Re: Establishing a Nutch development roadmap

2023-09-29 Thread Sebastian Nagel

> Migrating javax->jakarta has been quite a chore on Tika because of
> dependencies.  Given back-compat issues with hadoop, is this even on the
> horizon for Nutch?

Good point. I think we are pretty free to replace javax packages in Nutch core
and plugins - they're used in multiple classes.

If it's about transitive dependencies of mandatory dependencies such as Hadoop:
well, that's strictly speaking not our job. But there should be no or very few 
Nutch classes which rely on javax classes shared with dependencies.

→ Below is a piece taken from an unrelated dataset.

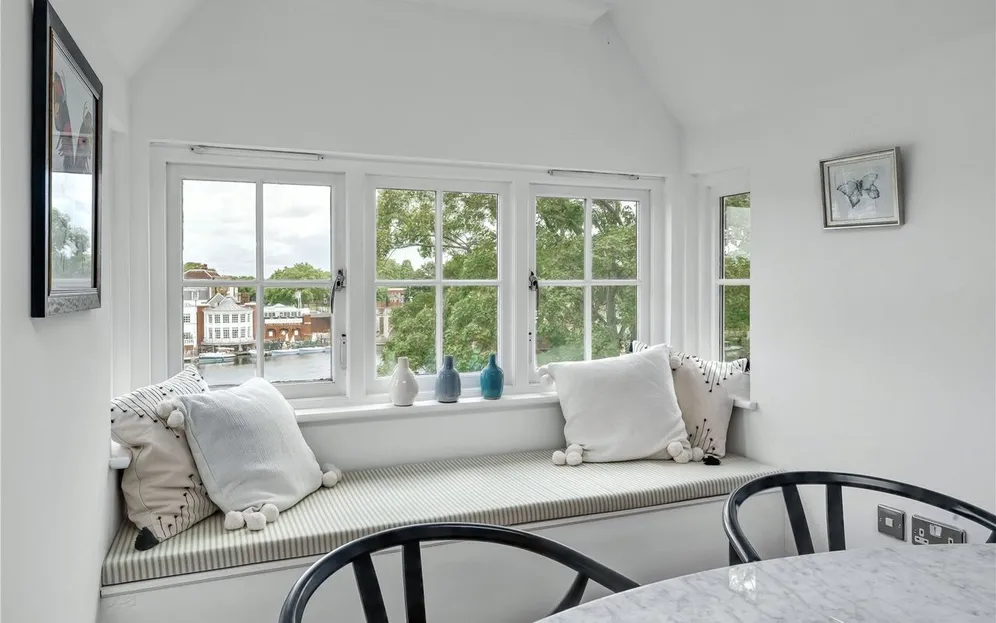 1 Bridge Road, East Molesey, KT8 photo 6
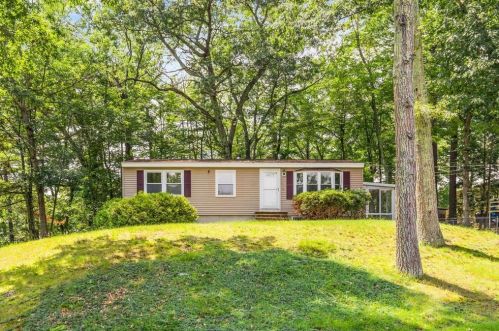 1 Nolet Ave, Salem NH  03079-1756 exterior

>  Y, I'd like to get a working Tika version in a release fairly soon.

Definitely.


> Not sure how much effort a release is?

See https://cwiki.apache.org/confluence/display/NUTCH/Release_HOWTO

Plainly spoken, it's too much effort. And if you take testing seriously,
it's even more, because there are no automated tests to verify that everything
runs well on a Hadoop cluster and to test indexing into Solr, ES, OpenSearch.

On 9/28/23 15:37, Tim Allison wrote:

Sorry for two emails...

Migrating javax->jakarta has been quite a chore on Tika because of dependencies. 
Given back-compat issues with hadoop, is this even on the horizon for Nutch?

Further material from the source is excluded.